INSTRUCTIONS FOR THE TASK
Your job is to give again, exactly and with no additions, the lines in the records below from the one with "CHANEL Executive Tote" through the one with "DreamBid. Zdjęcie 3.", both included. Omit the pictures.

EXTRACTED RECORDS section start

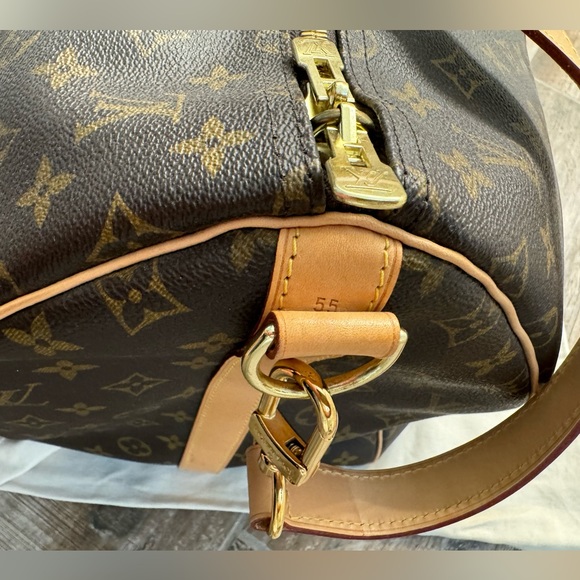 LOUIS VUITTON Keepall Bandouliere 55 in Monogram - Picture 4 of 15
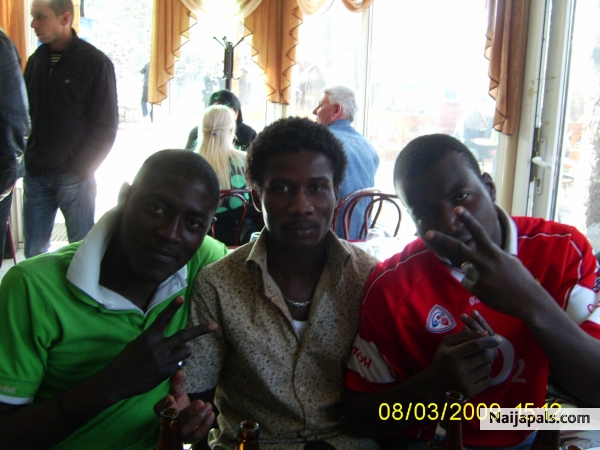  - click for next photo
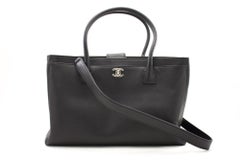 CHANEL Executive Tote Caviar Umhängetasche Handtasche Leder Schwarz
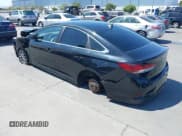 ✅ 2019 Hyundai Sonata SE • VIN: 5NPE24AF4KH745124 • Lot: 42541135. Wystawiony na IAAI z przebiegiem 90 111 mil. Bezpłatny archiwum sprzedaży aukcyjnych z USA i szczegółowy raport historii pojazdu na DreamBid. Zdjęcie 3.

EXTRACTED RECORDS section end
EXTRACTED RECORDS section start

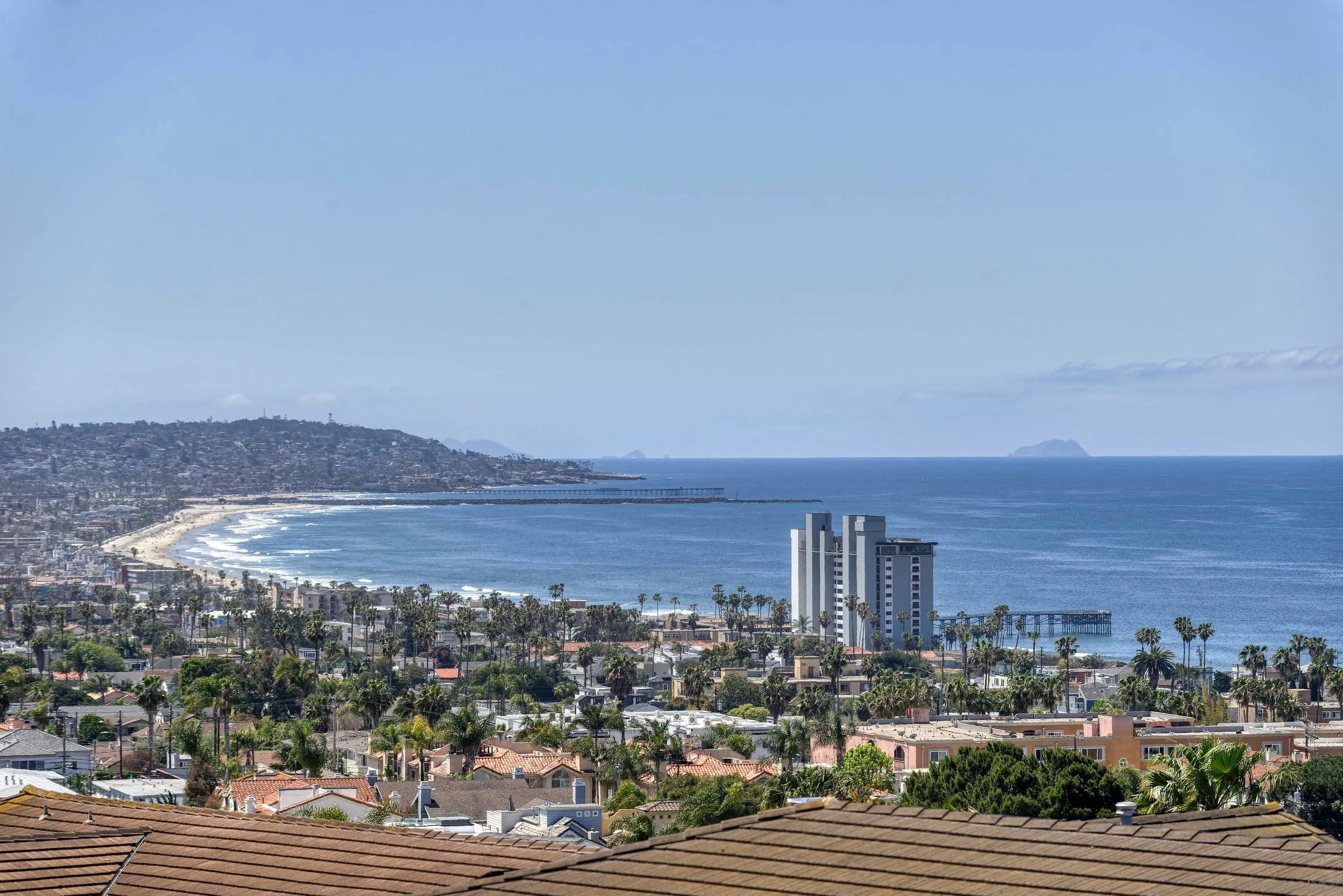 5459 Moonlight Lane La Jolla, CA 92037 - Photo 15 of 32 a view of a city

EXTRACTED RECORDS section end

ANSWER SECTION
 CHANEL Executive Tote Caviar Umhängetasche Handtasche Leder Schwarz
 ✅ 2019 Hyundai Sonata SE • VIN: 5NPE24AF4KH745124 • Lot: 42541135. Wystawiony na IAAI z przebiegiem 90 111 mil. Bezpłatny archiwum sprzedaży aukcyjnych z USA i szczegółowy raport historii pojazdu na DreamBid. Zdjęcie 3.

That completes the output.